# dr j hostetters stomache biters value



## 96ram1500 (Jul 1, 2009)

ok my grandfather was super intendent over andrew johnson home in greeneville tn home of the 17th president and he had my father clean out the basement and let my dad keep all the old bottles this bottle is in perfect condition with the top piece and i was wonderin the value roughly


----------



## 96ram1500 (Jul 1, 2009)

its square bottle and says 18oz and its really dark coleredin nearly perfect condition and i can preety much prove its from andrew j house


----------



## cyberdigger (Jul 1, 2009)

Can you post a picture of this bottle? I am personally a bit curious about it! Old AJ was my favorite president.. knew how to unwind..[]


----------



## 96ram1500 (Jul 1, 2009)

not sure how to post i can try to email it or send it thru picture phone  ya he did unwind i have a box full of old pill bottles too


----------



## cyberdigger (Jul 1, 2009)

If you email a pic or two to   c_jonsen@yahoo.com   I will post them for you.. show us the pill bottles too!


----------



## cyberdigger (Jul 1, 2009)




----------



## 96ram1500 (Jul 1, 2009)

sorry bout the pic quality its from a camera phone ill send pics of the pill bottles when my dad gets home so he can find them again


----------



## cyberdigger (Jul 1, 2009)




----------



## 96ram1500 (Jul 1, 2009)

im sure for more proof they came from the presidents hous you could look up loyd abelson and find that he was the super intendent and my dad said he found the bottles when diggind out the basement around 1980


----------



## cyberdigger (Jul 1, 2009)

Actually not bad for a phone camera!


----------



## appliedlips (Jul 1, 2009)

Your bottle is one of the newest variants of this famous bottle, it is machine made and date to 1910 or so.It certainly doesn't not date to Jackson's time, not that you implied that you did.

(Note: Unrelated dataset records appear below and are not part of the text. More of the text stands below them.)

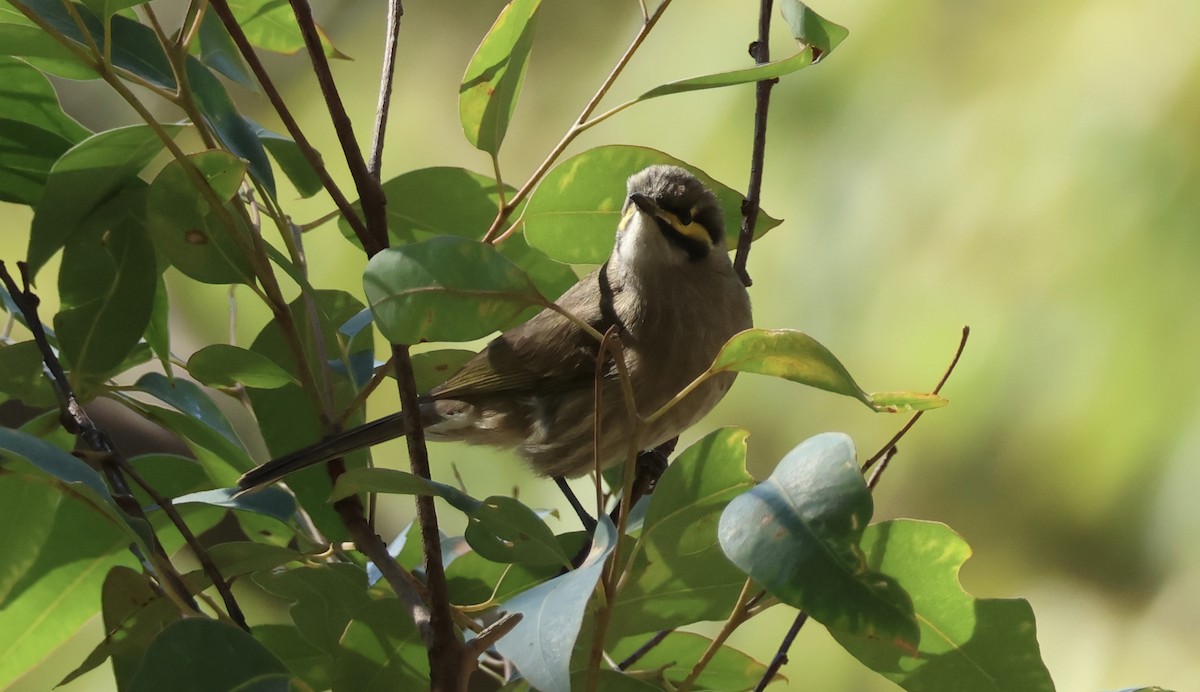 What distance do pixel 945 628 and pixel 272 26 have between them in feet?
2.84

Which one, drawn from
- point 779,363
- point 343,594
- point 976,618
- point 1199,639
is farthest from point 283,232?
point 1199,639

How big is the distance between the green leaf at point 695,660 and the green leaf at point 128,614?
1.24ft

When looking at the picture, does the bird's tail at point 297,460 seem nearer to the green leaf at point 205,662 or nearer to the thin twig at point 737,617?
the green leaf at point 205,662

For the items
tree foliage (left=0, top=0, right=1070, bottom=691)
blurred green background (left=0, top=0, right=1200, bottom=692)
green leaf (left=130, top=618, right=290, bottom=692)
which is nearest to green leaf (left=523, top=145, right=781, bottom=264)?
tree foliage (left=0, top=0, right=1070, bottom=691)

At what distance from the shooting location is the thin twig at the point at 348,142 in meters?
0.79

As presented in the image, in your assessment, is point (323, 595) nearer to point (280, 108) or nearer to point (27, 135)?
point (280, 108)

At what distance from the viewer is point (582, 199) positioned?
3.36 ft

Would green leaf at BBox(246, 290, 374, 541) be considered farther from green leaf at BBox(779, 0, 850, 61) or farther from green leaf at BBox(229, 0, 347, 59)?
green leaf at BBox(779, 0, 850, 61)

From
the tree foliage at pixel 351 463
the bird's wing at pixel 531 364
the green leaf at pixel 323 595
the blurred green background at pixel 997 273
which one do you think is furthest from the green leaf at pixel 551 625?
the blurred green background at pixel 997 273

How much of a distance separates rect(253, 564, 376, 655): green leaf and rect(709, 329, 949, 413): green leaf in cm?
A: 37

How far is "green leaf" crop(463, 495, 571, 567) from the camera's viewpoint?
769 mm

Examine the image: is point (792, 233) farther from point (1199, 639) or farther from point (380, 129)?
point (380, 129)

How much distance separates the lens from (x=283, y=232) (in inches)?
36.0

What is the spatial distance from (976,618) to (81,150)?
77 cm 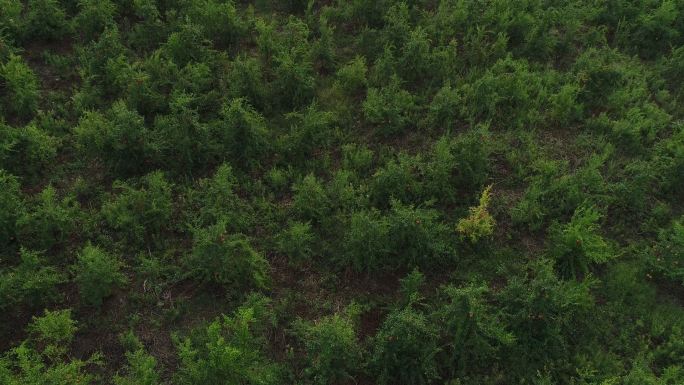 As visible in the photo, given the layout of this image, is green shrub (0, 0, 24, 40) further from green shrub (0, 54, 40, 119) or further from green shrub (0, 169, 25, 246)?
green shrub (0, 169, 25, 246)

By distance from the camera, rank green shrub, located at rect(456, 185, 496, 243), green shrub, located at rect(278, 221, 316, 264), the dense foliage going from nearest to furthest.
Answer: the dense foliage < green shrub, located at rect(278, 221, 316, 264) < green shrub, located at rect(456, 185, 496, 243)

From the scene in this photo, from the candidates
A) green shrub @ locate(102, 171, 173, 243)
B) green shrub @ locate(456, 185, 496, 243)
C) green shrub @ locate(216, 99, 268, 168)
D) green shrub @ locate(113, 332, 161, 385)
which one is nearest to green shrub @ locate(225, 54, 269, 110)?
green shrub @ locate(216, 99, 268, 168)

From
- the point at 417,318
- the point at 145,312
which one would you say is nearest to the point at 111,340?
the point at 145,312

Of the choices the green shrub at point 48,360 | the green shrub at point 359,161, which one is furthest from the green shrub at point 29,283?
the green shrub at point 359,161

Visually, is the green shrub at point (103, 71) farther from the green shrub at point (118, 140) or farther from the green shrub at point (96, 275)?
the green shrub at point (96, 275)

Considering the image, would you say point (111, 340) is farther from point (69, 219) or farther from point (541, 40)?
point (541, 40)

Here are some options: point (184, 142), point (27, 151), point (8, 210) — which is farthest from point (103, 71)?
point (8, 210)

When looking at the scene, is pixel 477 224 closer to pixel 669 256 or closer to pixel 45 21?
pixel 669 256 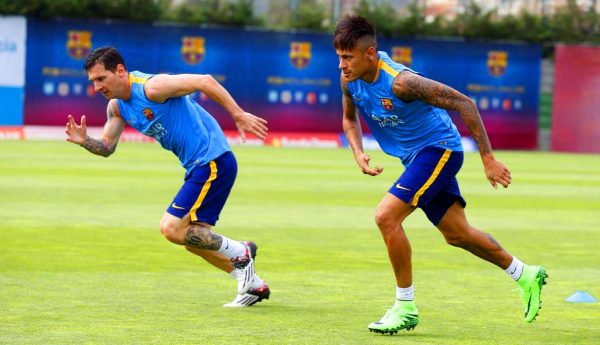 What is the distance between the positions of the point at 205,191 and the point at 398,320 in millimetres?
1896

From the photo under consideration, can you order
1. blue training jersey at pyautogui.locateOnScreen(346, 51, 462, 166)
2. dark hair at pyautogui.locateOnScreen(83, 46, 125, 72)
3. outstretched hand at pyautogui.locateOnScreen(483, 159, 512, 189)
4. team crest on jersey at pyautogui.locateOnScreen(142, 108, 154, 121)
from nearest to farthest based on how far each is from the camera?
outstretched hand at pyautogui.locateOnScreen(483, 159, 512, 189)
blue training jersey at pyautogui.locateOnScreen(346, 51, 462, 166)
dark hair at pyautogui.locateOnScreen(83, 46, 125, 72)
team crest on jersey at pyautogui.locateOnScreen(142, 108, 154, 121)

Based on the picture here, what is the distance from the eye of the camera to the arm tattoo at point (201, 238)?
9.48 m

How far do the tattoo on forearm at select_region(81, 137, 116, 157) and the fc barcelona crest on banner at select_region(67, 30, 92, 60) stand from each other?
30983 millimetres

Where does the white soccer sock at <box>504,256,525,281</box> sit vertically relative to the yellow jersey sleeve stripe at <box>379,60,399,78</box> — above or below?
below

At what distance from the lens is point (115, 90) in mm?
9367

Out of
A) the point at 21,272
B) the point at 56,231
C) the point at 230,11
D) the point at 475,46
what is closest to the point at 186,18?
the point at 230,11

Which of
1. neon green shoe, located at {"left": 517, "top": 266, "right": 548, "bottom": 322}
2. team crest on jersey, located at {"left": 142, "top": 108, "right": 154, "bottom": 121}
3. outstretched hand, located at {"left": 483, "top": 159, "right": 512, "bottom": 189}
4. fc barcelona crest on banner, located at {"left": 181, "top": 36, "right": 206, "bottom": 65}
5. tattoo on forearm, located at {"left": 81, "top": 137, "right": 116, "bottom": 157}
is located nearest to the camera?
outstretched hand, located at {"left": 483, "top": 159, "right": 512, "bottom": 189}

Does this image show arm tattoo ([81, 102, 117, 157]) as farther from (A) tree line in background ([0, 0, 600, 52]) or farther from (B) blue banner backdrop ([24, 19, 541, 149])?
(A) tree line in background ([0, 0, 600, 52])

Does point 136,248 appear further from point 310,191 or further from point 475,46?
point 475,46

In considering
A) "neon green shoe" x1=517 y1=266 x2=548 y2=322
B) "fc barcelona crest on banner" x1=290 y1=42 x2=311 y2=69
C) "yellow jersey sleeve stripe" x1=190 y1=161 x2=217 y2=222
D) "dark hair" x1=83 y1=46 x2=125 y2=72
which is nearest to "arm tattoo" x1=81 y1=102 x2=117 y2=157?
"dark hair" x1=83 y1=46 x2=125 y2=72

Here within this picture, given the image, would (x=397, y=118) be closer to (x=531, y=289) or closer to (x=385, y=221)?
(x=385, y=221)

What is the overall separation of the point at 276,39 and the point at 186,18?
340 cm

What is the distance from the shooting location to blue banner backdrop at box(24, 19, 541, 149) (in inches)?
1580

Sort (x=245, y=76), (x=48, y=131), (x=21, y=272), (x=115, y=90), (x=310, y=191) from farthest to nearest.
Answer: (x=245, y=76), (x=48, y=131), (x=310, y=191), (x=21, y=272), (x=115, y=90) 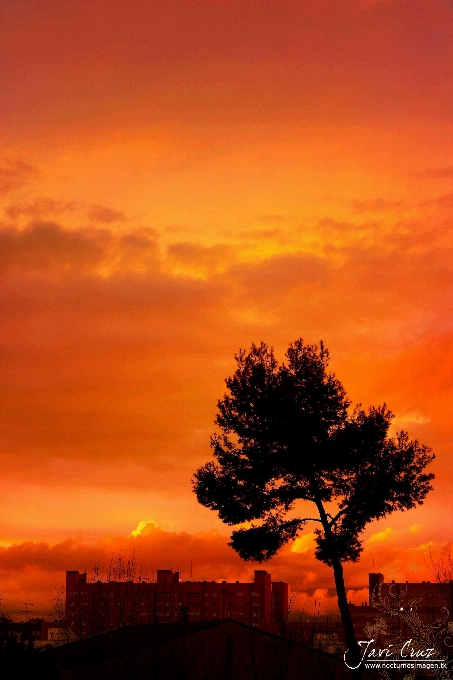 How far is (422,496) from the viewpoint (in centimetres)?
2861

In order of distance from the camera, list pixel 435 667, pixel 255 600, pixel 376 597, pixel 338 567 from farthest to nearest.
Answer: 1. pixel 255 600
2. pixel 338 567
3. pixel 376 597
4. pixel 435 667

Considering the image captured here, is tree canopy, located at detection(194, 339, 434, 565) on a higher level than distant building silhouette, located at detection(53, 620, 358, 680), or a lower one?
higher

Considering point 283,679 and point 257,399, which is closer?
point 283,679

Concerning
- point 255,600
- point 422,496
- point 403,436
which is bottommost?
point 255,600

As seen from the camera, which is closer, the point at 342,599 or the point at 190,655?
the point at 342,599

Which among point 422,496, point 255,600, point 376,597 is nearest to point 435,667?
point 376,597

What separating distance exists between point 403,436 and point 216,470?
629 cm

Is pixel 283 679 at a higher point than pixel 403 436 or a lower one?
lower

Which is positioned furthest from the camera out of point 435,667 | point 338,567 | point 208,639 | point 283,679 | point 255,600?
point 255,600

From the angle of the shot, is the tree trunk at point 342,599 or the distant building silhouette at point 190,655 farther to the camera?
the tree trunk at point 342,599

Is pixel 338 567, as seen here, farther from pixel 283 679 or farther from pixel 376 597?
pixel 376 597

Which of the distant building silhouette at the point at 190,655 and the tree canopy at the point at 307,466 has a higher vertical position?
the tree canopy at the point at 307,466

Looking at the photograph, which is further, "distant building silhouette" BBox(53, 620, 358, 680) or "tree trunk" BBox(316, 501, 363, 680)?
"tree trunk" BBox(316, 501, 363, 680)

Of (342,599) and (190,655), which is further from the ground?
(342,599) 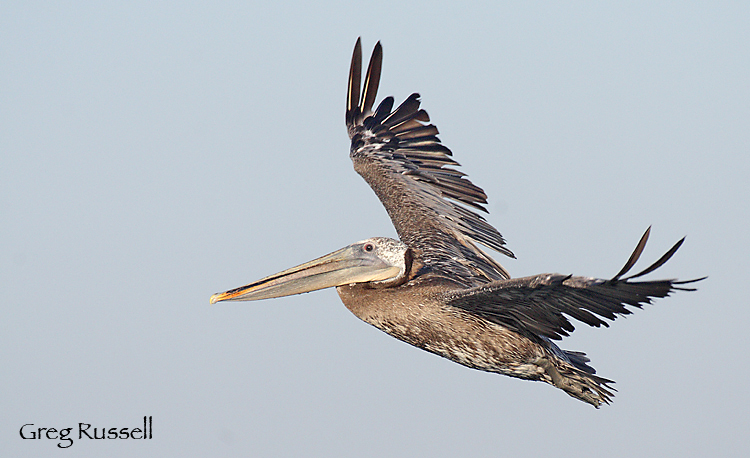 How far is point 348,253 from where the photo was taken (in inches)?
316

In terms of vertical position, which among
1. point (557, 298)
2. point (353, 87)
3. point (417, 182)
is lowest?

The stopper in the bottle does not belong with it, but to another bottle..Value is about $5-$10.


----------



## 96ram1500 (Jul 1, 2009)

and after he was the super intendent there he got moved to monument hill where he was buried and  lived in the house on monument hill


----------



## 96ram1500 (Jul 1, 2009)

i figured it was new because the mouth piece is machined how could i go about finding out who lived in that hous after him


----------



## 96ram1500 (Jul 1, 2009)

thanks for ur help do you know what bottle the stopper is for


----------



## appliedlips (Jul 1, 2009)

My guess is that the stopper goes in a chemical or apothecary bottle. The bitter's was sealed with a cork and a foil seal.. As far as finding who lived in the house at that time I am sure there is something written on the subject. If you can't find something at the home, check deeds, directories, etc..


----------